I have the following human population data with me (based on a census) -
Number of women in each educational level (like Illiterate, literate but less than primary, high school, graduate). For the time being call then Educational level $1,2,3$ and so on. And corresponding to each educational level those women were categorized in different age groups (like $20-24$ years, $25-29$ years and so on). And then I have the parity numbers for women in each age group and correspondingly each educational level. So, in short if you pick a random women from the population data, you will have access to the age group and education level to which she belongs and her parity number.
Now, I want to understand the relationship between the mean parities (of women in all age groups) for women in two different educational level. So, I calculate average parities and construct a table with two columns - Women with education level $0$ and women with education level $1$. And I have age groups as my rows.
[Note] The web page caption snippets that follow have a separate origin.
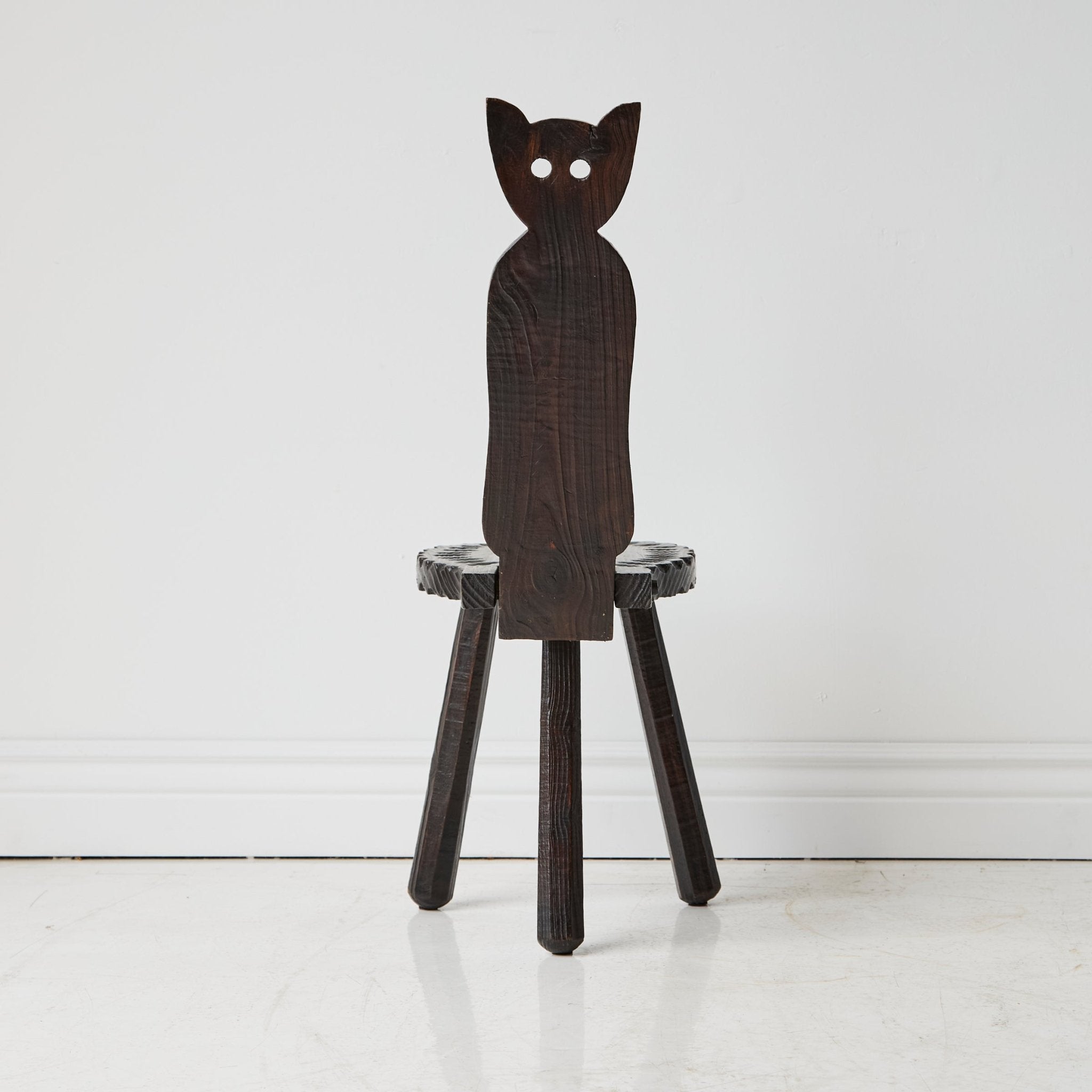 Pair of Brutalist Feline Accent Chairs - elsie green - furniture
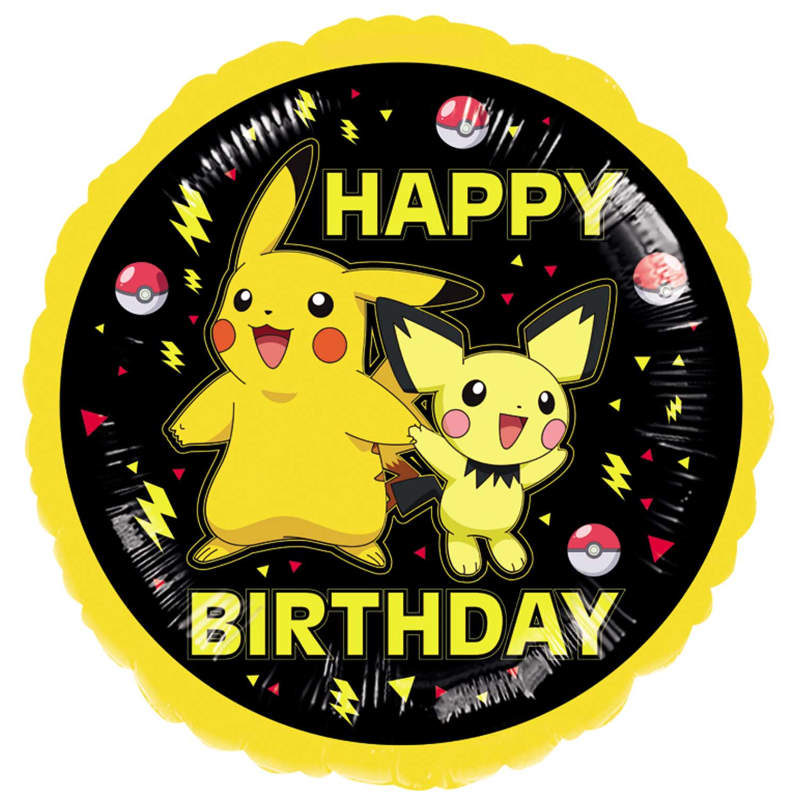 Kindergeburtstag-Folienballon-Pokemon-Pikachu-Pichu-2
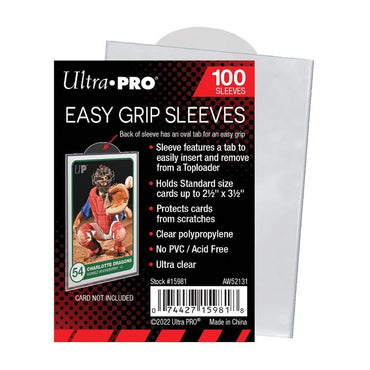 Ultra Pro Card Sleeves: 2.5" X 3.5" Easy Grip (100ct)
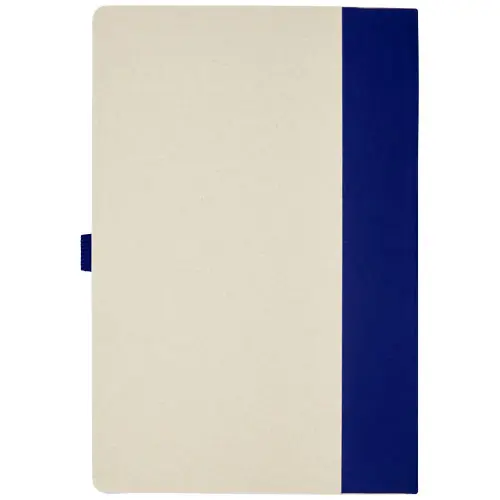 Block notes A5 realizzato con cartoni del latte riciclati 80 fogli a righe e penna a sfera refill nero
Now I am thinking of performing a paired t-test for these two columns to asses the relationship between means of these two categories(variables) but I am not sure if this is the appropriate test to perform. As I think these two columns are independent to each other which violates one of the assumptions of paired t-test. I have different sets of women under observation here instead of having same women for these two educational level. But this is simply not possible. Am I right or wrong here? Should I go with this test or should try other test (if yes then please tell me about those tests)?
Also, if anyone can suggest a better question (than testing the mean between these two levels of education) that can be framed from this data, that would also be kind of you.
P.S. - I am not sure if I have explained my data properly but in case of any confusion please let me know.